[Start of section]

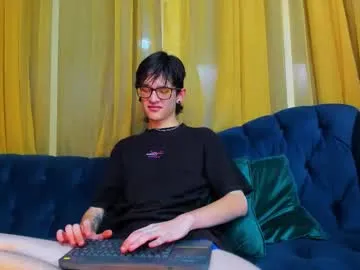 jax_valentine — Jax Live Room -- Latin body, unlimited fun -- Come and see for yourself  - Goal: Naked Flexions [80 tokens left] #young #cum #18 #latino #new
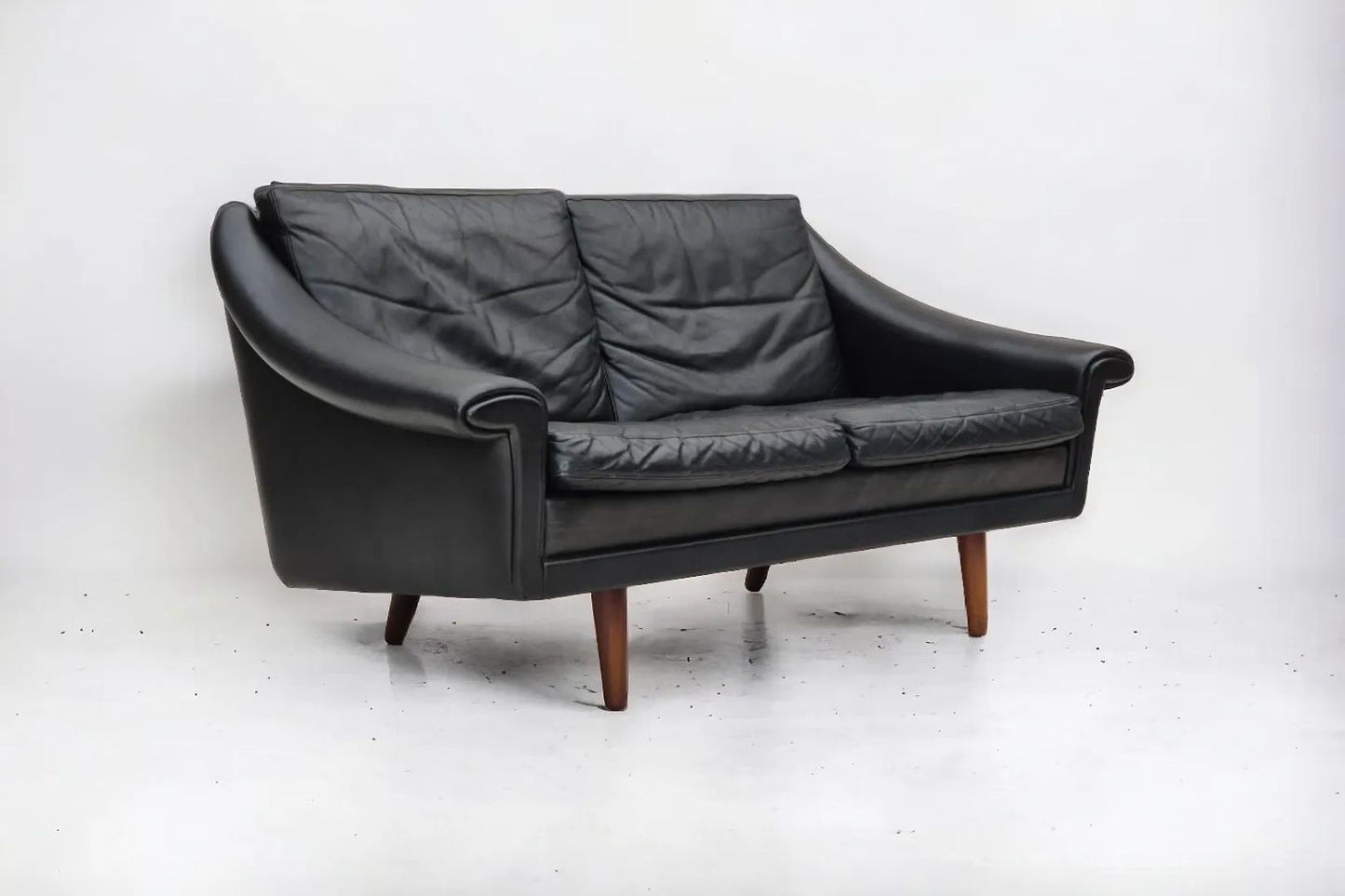 1960s, Danish design by Aage Christiansen for Erhardsen & Andersen, 2 seater sofa model "Matador", original condition.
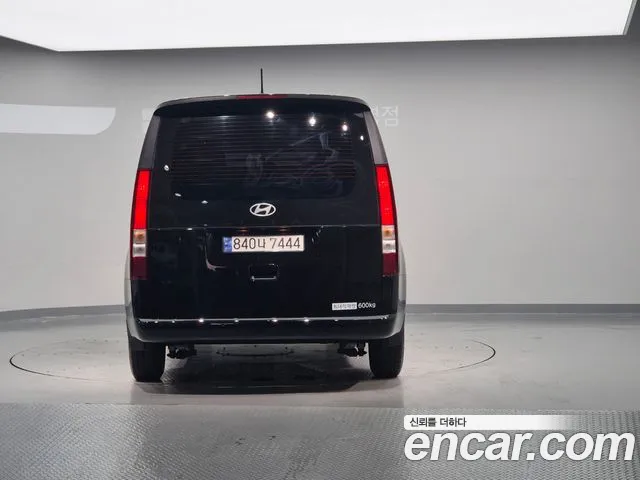 Hyundai Staria Staria Карго 5 мест — Фото автомобиля 6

[End of section]

TASK REQUIREMENTS
Everything in the listing above must be retyped exactly, except for the pictures.

ANSWER
 jax_valentine — Jax Live Room -- Latin body, unlimited fun -- Come and see for yourself  - Goal: Naked Flexions [80 tokens left] #young #cum #18 #latino #new
 1960s, Danish design by Aage Christiansen for Erhardsen & Andersen, 2 seater sofa model "Matador", original condition.
 Hyundai Staria Staria Карго 5 мест — Фото автомобиля 6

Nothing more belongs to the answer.